The facility with the timeliest follow-up (14 days) had the smallest proportion of non-English speakers, at 18 percent; patients who spoke Spanish and Asian languages had longer times than English speakers. In contrast, the two facilities with about 40 percent and 50 percent non-English speakers had longer overall follow-up times (25 days and 41 days) but no differences by language. The latter two used bilingual patient navigators.
“There is this interplay between systems issues and human contact and communication issues around results and follow-up,” Karliner says. “You can see that in the facility that is doing well. It is getting people in reasonably quickly, but there is a difference by language.”
She cautions that the study included only three facilities. Her research group is completing an analysis using more facilities to identify facility characteristics that deliver higher follow-up completion rates and shorter follow-up times. Resource issues, including the availability of radiologists and patient navigators, and prioritizing those resources, may be a factor, particularly for facilities that serve vulnerable populations, she says.

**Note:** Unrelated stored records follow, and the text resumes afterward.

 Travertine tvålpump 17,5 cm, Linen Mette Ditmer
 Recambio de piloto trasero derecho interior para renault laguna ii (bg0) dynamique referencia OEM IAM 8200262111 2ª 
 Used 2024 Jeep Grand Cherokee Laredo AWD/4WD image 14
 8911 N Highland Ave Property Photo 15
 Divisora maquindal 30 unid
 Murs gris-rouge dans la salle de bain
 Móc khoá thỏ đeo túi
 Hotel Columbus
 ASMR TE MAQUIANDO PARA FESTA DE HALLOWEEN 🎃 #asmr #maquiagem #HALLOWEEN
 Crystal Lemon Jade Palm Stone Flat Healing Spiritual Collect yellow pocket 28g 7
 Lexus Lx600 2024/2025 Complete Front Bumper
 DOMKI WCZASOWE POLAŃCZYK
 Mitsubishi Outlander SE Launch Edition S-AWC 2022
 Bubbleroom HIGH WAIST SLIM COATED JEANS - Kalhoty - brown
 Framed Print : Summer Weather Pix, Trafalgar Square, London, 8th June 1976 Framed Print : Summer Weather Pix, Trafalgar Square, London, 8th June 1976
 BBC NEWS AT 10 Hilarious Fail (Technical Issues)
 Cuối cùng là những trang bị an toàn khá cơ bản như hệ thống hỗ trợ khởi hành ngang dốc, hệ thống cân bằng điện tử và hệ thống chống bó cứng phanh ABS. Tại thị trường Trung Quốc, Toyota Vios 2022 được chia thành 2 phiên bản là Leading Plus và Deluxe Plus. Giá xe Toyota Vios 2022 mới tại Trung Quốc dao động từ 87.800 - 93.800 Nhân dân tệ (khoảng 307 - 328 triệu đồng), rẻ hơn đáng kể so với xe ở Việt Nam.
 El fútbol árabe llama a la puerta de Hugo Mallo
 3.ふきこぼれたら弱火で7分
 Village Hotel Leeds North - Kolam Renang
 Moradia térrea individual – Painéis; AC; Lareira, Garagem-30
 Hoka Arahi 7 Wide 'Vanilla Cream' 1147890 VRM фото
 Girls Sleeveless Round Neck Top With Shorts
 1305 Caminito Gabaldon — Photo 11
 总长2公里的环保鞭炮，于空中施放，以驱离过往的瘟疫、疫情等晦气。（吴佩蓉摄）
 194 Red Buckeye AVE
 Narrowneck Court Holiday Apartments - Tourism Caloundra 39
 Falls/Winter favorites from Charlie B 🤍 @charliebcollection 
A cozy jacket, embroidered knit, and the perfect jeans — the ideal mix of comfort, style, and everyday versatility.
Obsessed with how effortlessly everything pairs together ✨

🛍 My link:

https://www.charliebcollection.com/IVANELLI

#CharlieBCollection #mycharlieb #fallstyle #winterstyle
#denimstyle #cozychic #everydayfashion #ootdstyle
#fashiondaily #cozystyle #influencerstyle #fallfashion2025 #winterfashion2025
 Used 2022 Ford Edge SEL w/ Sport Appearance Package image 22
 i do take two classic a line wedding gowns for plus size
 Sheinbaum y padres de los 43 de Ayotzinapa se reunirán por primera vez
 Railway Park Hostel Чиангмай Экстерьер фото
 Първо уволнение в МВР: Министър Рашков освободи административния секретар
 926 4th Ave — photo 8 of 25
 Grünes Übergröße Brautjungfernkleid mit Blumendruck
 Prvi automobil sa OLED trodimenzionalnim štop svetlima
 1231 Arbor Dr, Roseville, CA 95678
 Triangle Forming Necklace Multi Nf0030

L. Elizabeth Goldman, MD, and members of the Breast Cancer Surveillance Consortium put facilities under the microscope in another study that examined the timeliness of follow-up to abnormal findings at mammography facilities that serve vulnerable women. Their study, published April 2013 in Managed Care, focused on Medicare beneficiaries at 142 facilities with patient populations that included women who hadn’t finished high school, were low-income minorities or rural. They found wide variability in timeliness and rates of return.
"There are likely differences in practice patterns to account for the variability in the 2013 Medical Care article, but our study could not say what is happening in these facilities to make these differences." says Goldman, also of the University of California San Francisco.
Goldman describes this gap as a black box. The answers may include appropriate staffing, environment, tracking protocols, communication processes and quality care. As a follow-up study, Goldman and colleagues intend to examine quality measures such as accuracy of interpretations as well as timeliness. “The challenge is to apply these types of systems appropriately so there is not unnecessary overreading or recalling women when they don’t need a biopsy,” she says. “It is a kind of a balance.”
Every step of the process—getting underserved women in the door, ensuring a positive experience during and after screening and convincing them to return for diagnostic tests or routine screening—offers an opportunity to improve outcomes, the researchers agree. To succeed, facilities need to identify patient populations that may fall through the cracks, recognize challenges and design foolproof systems customized for patients.
“Just being willing to think about that issue and examine it is really important,” Karliner says.
Oppong adds the need to drill home the fundamentals. “We have to stress that mammography works by following up on [changes over time],” Oppong says. “[Women] should not go for long periods of time without getting screened.”